Early CYP3A5 Genotype-Based Adjustment of Tacrolimus Dosage Reduces Risk of De Novo Donor-Specific HLA Antibodies and Rejection among CYP3A5-Expressing Renal Transplant Patients.

Our previous retrospective single-center cohort study found, at 3-year follow-up, a trend toward low tacrolimus trough levels and an increased risk of de novo donor-specific anti-HLA antibodies (DSAs) and of antibody-mediated rejection (ABMR) in CYP3A5-expressing patients. Determining CYP3A5-expression status immediately after renal transplant would allow early genotype-based dosage adjustment of tacrolimus and might prevent the occurrence of de novo DSAs and ABMR, improving transplant outcome. 160 renal allograft recipients who underwent renal transplant at the University Hospital Essen between May 2019 and May 2022 were genotyped for the CYP3A5 rs776746 polymorphism within the first two weeks after transplant, and genotype-based dose adjustment of tacrolimus was performed for the follow-up of 2 years. CYP3A5 expression was detected in 33 (21%) of the 160 patients. Tacrolimus trough levels were similar in CYP3A5 expressers and nonexpressers over the entire 2-year follow-up period. However, we observed a trend toward slightly higher tacrolimus trough levels in CYP3A5 expressers, who, as expected, required tacrolimus dosages twice as high as did nonexpressers during follow-up. Calcineurin inhibitor (CNI) nephrotoxicity-free survival rates were comparable between CYP3A5 expressers and nonexpressers (p = 0.49).

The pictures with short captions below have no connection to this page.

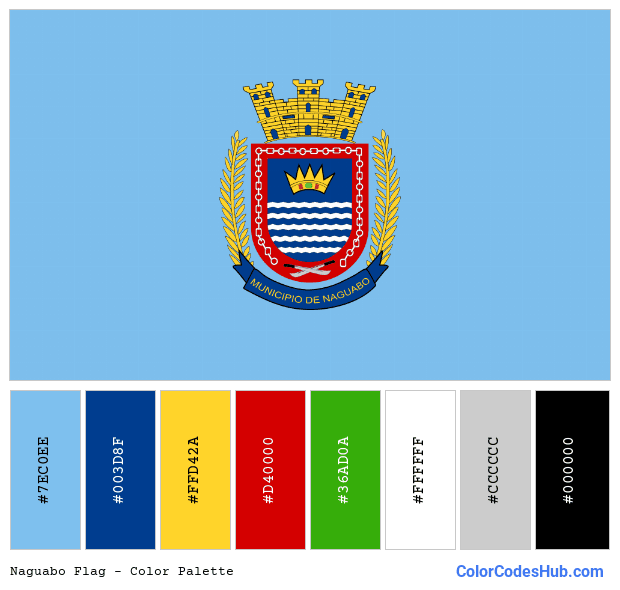 Naguabo flag color palette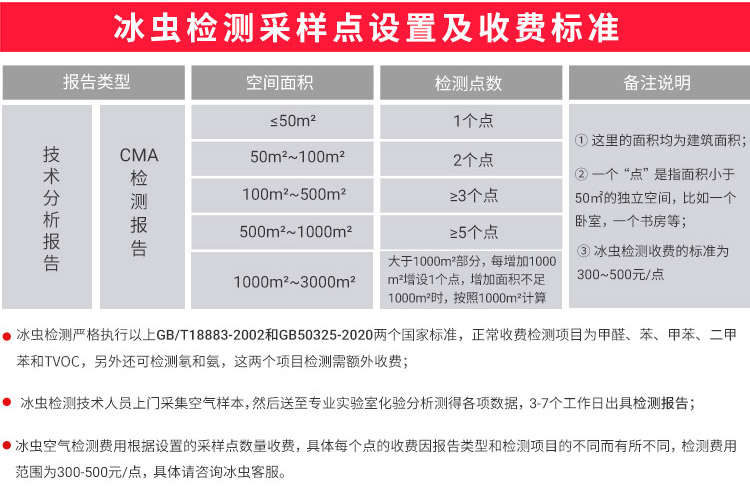 冰虫甲醛检测-空气检测点位布置和收费标准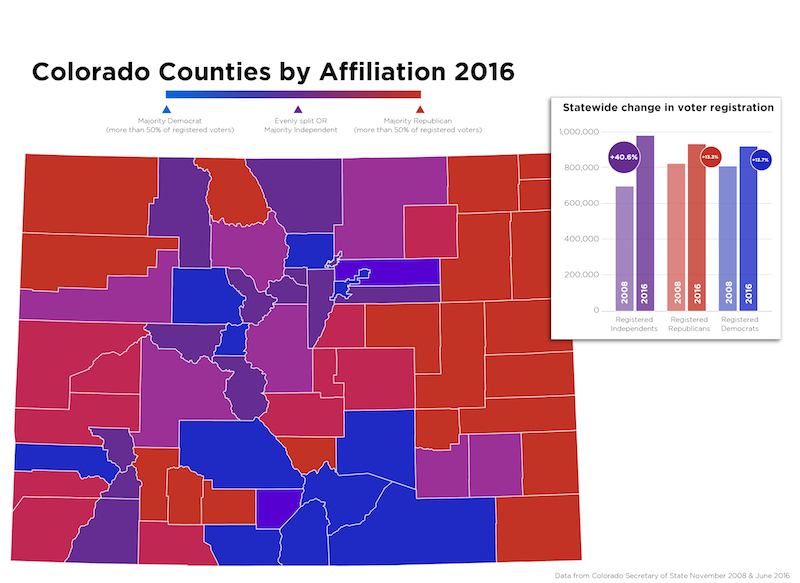 Let Colorado Vote Campaign Reporting Infographics Interr0bang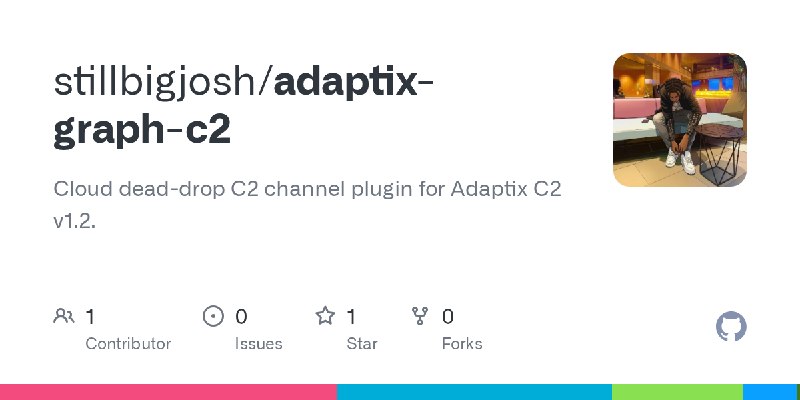 GitHub - stillbigjosh/adaptix-graph-c2: Cloud dead-drop C2 channel plugin for Adaptix C2 v1.2.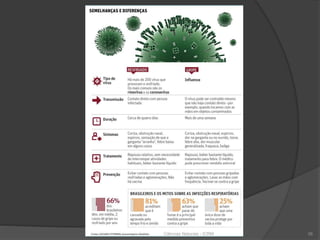 Ciências Naturais - ICRM 36
 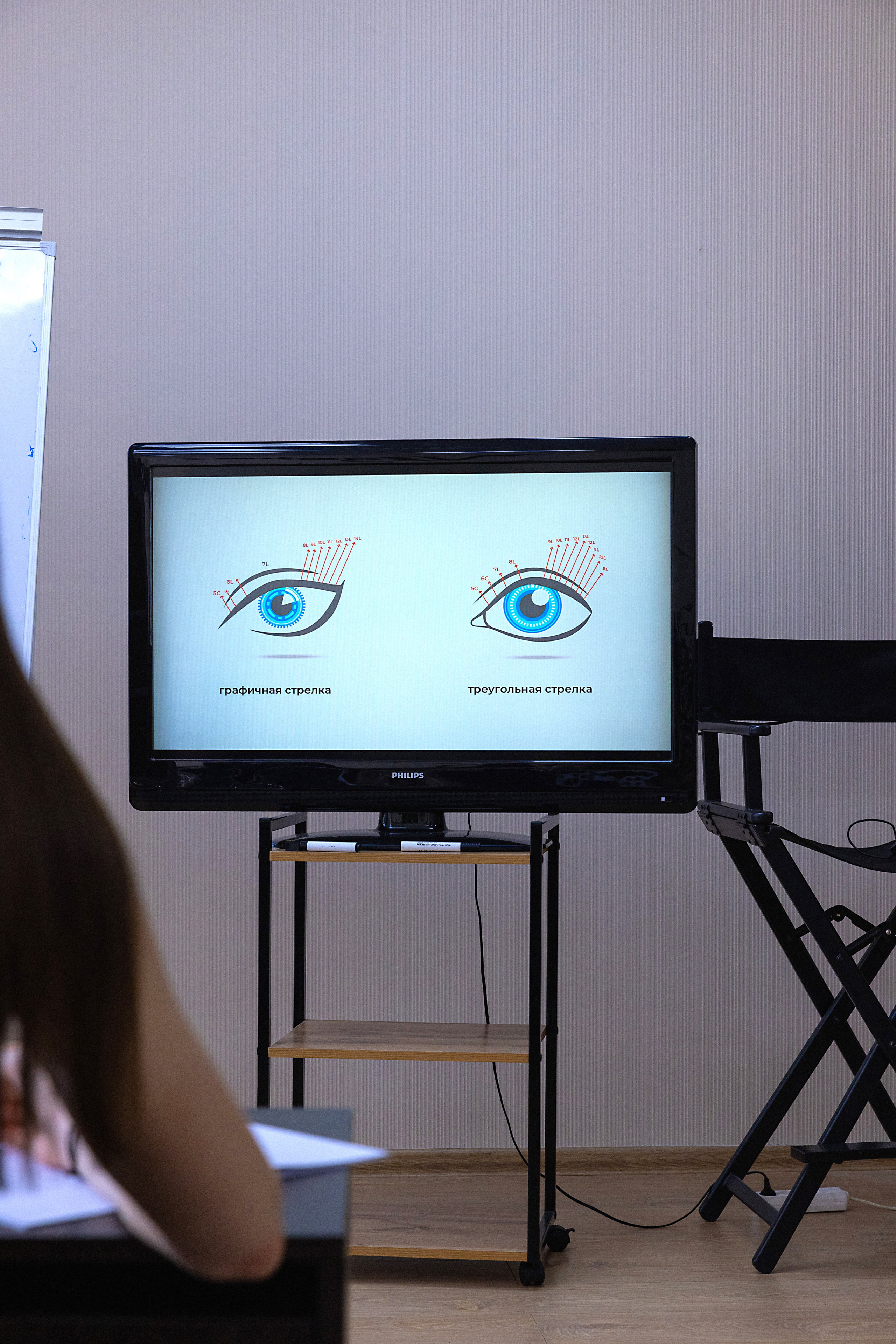 LASH VIBE VLashes. Фотограф и Видеограф в Краснодаре Юлия Солодченко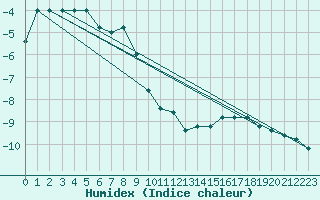 Courbe de l'humidex pour Pian Rosa (It)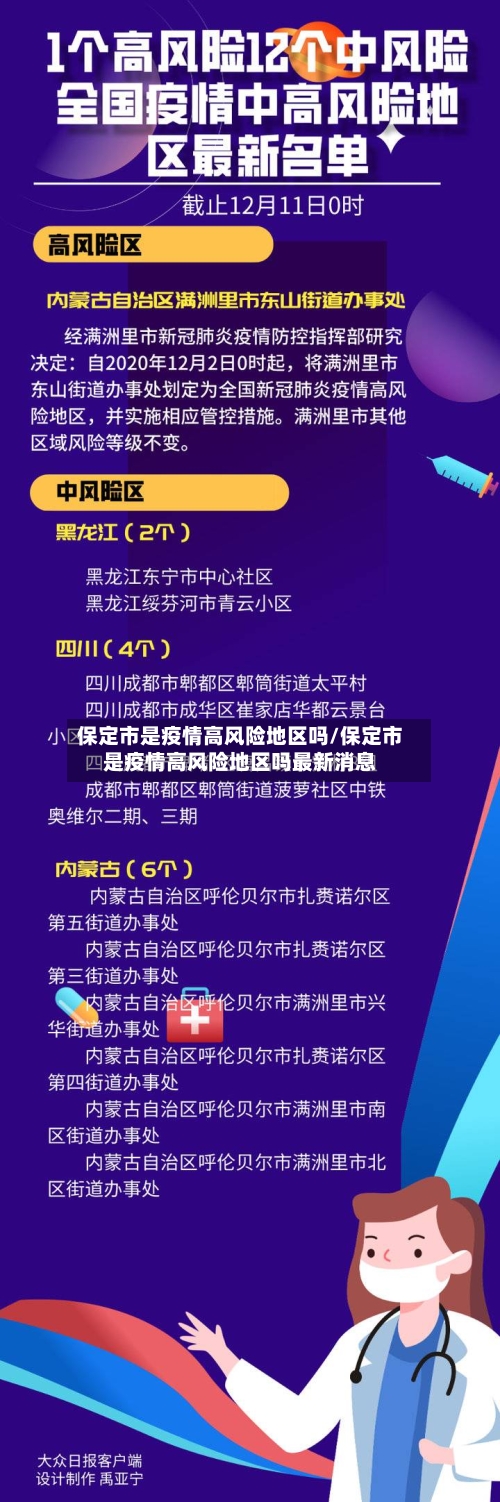 保定市是疫情高风险地区吗/保定市是疫情高风险地区吗最新消息-第1张图片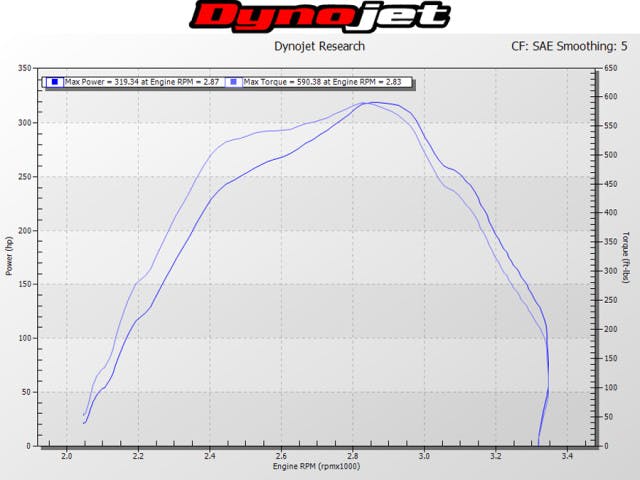 The dyno graph showing the stock tune file for the truck.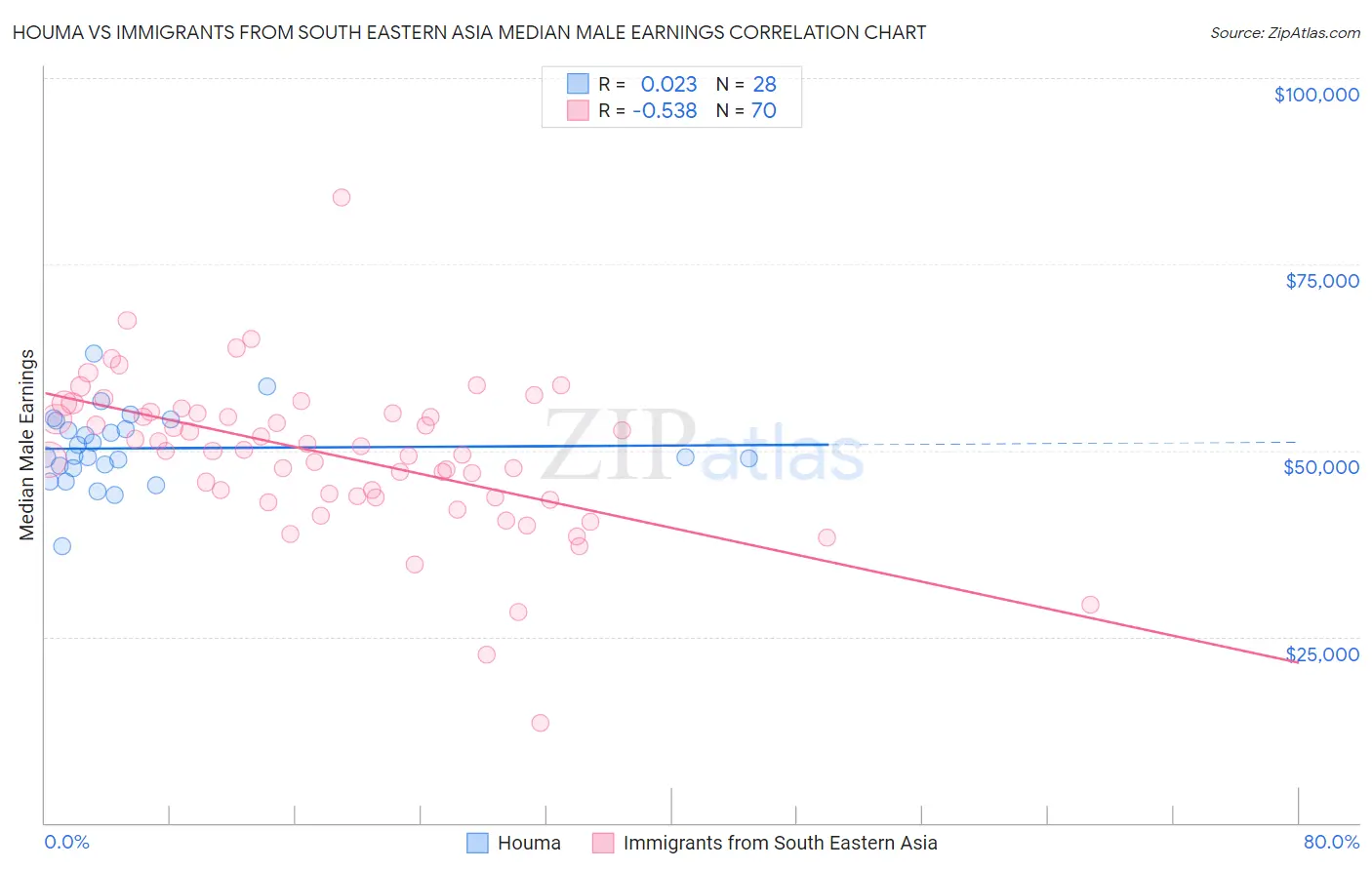 Houma vs Immigrants from South Eastern Asia Median Male Earnings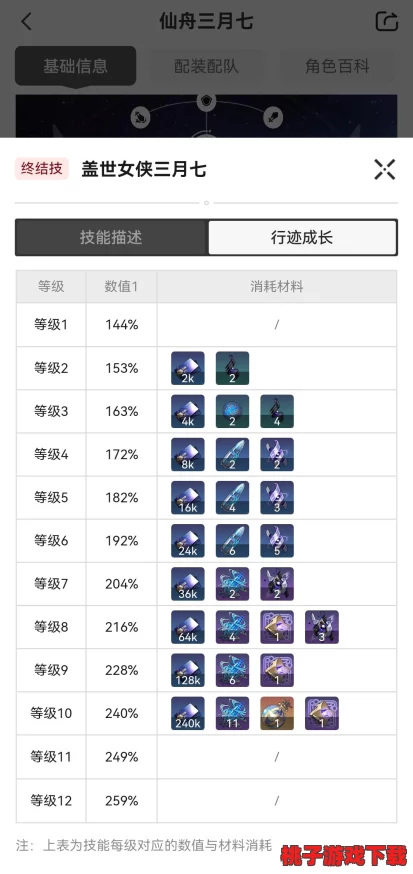 巡猎三月七配队：精心策划，团结合作，共同挑战高难度任务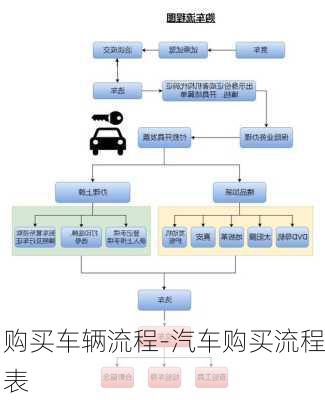 购买车辆流程-汽车购买流程表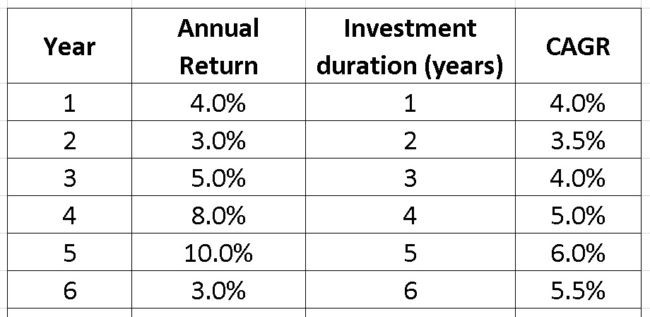 equity-returns-5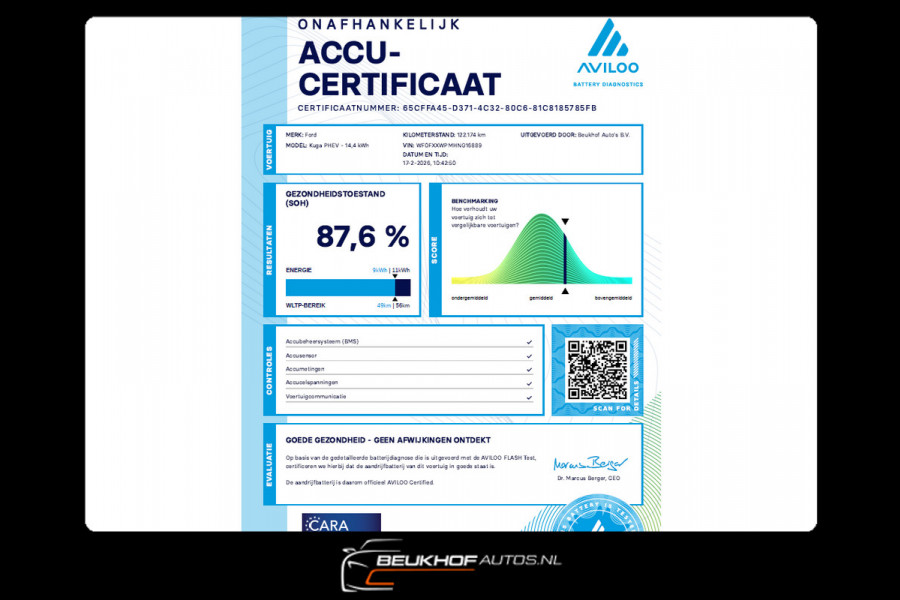 Ford Kuga 2.5 PHEV Titanium Camera Trekhaak Carplay Navigati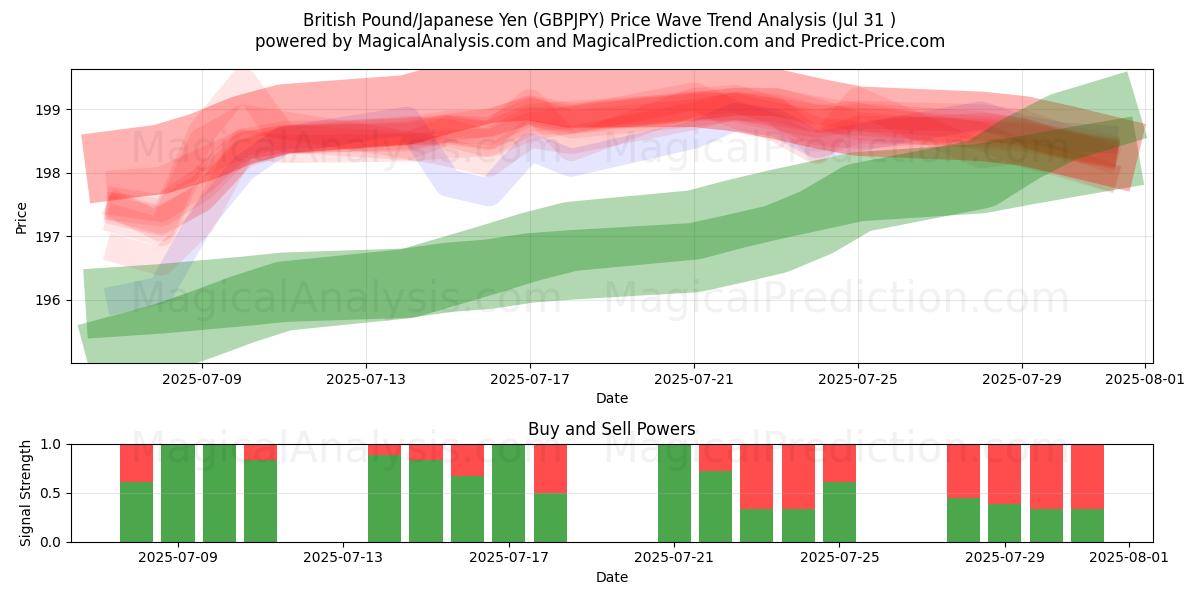  英国ポンド/日本円 (GBPJPY) Support and Resistance area (29 Jul)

Rejection-free survival rates (p = 0.89), de novo anti-HLA antibody-free survival rates (p = 0.57) and de novo DSA-free survival rates (p = 0.61) did not differ between the two groups. Early detection of CYP3A5-expression status and resultant genotype-based adjustment of tacrolimus dosage after renal transplant protected patients from transplant rejection and de novo DSA formation and was not associated with increased incidence of CNI toxicity among CYP3A5 expressers.